Files
hottub/docs/architecture.md
2026-04-10 22:57:27 +00:00

314 lines
11 KiB
Markdown
Raw Blame History

This file contains ambiguous Unicode characters
This file contains Unicode characters that might be confused with other characters. If you think that this is intentional, you can safely ignore this warning. Use the Escape button to reveal them.
# Hottub Architecture
## Purpose
Hottub is a Rust server that exposes Hot Tub compatible endpoints for channel discovery, video search, uploader lookups, and site-specific proxying. Most work in this repo is adding or repairing a provider module under `src/providers/`.
## Top-Level Structure
- `src/main.rs`: server bootstrap, env loading, database pool, shared requester/cache, route mounting.

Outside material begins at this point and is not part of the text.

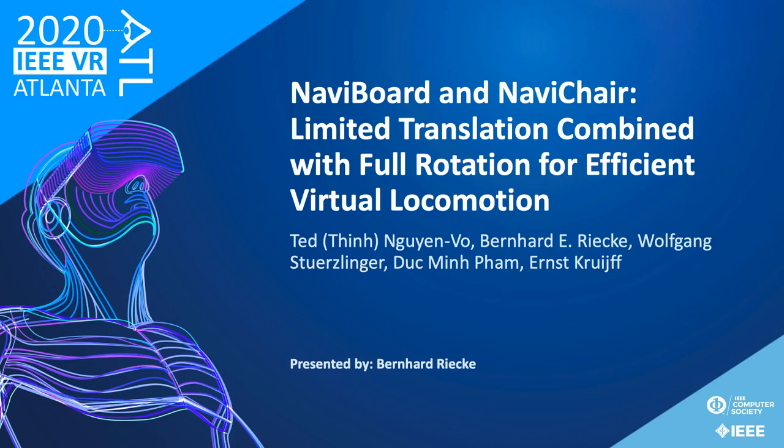Hello. In this talk, I'd like to present on some of our research into leaning-based interfaces as a way to try and improve virtual reality locomotion. Specifically, we designed a standing leaning-based interface, the NaviBoard, and a sitting one, the NaviChair. In a nutshell, what we found is that they really help to improve locomotion compared to a standard controller, almost reaching the level of free space walking.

- `src/api.rs`: `/api/status`, `/api/videos`, `/api/uploaders`, `/api/test`, `/api/proxies`.
- `src/providers/mod.rs`: provider trait, provider registry, build-time provider selection, status decoration, runtime validation, panic/error guards.
- `src/providers/*.rs`: one module per channel/provider.
- `src/proxy.rs`: route table for `/proxy/...`.
- `src/proxies/*.rs`: redirect/media/thumb proxy implementations.
- `src/videos.rs`: request/response payloads, `VideoItem`, `VideoFormat`, `ServerOptions`.
- `src/status.rs`: status/channel/group payloads.
- `src/uploaders.rs`: uploader request/profile payloads.
- `src/util/requester.rs`: outbound HTTP with cookies, optional Burp proxying, Jina fallback, and FlareSolverr fallback.
- `build.rs`: compile-time provider registry generation and single-provider build support.
## Startup Flow
1. `main` loads `.env` and ensures `RUST_LOG` is set.
2. It creates the Diesel SQLite pool from `DATABASE_URL`.
3. It creates a shared `Requester`, enables Burp proxying when `PROXY != 0`, and builds the LRU video cache.
4. It configures provider runtime validation in `providers::configure_runtime_validation`.
5. It spawns a background thread that forces provider initialization via `providers::init_providers_now()`.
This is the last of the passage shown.